_EXERCISE:_ From the listing below, reproduce exactly the lines starting with the one with "An image of" and going on through the one with "Senior grey-haired man", both ends kept. No picture is copied.

_SOURCE MATERIAL:_
--- START ---

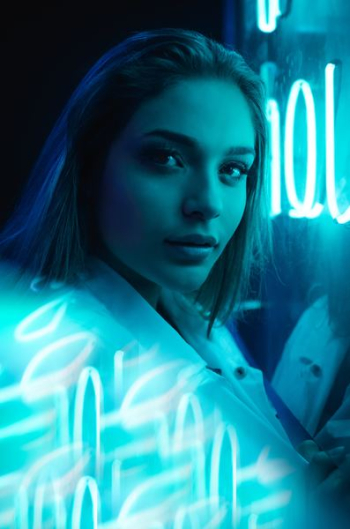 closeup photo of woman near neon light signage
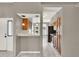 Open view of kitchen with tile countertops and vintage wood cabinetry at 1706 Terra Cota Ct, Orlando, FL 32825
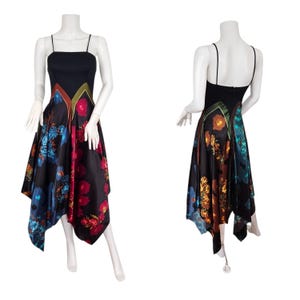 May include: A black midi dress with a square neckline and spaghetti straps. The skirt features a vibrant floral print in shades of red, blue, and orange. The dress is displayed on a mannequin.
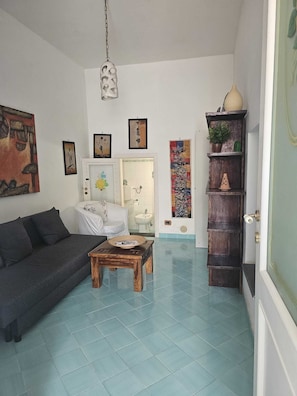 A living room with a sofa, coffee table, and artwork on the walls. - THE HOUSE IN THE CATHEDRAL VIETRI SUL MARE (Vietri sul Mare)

--- END ---
--- START ---

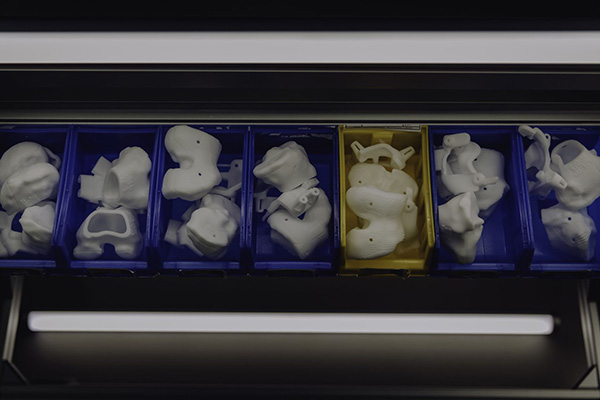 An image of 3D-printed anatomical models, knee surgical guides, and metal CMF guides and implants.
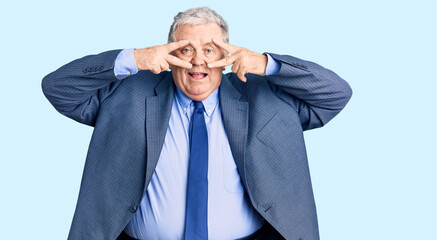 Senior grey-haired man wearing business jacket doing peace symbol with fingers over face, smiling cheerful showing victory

--- END ---

_ANSWER FOR THE TASK:_
 An image of 3D-printed anatomical models, knee surgical guides, and metal CMF guides and implants.
 Senior grey-haired man wearing business jacket doing peace symbol with fingers over face, smiling cheerful showing victory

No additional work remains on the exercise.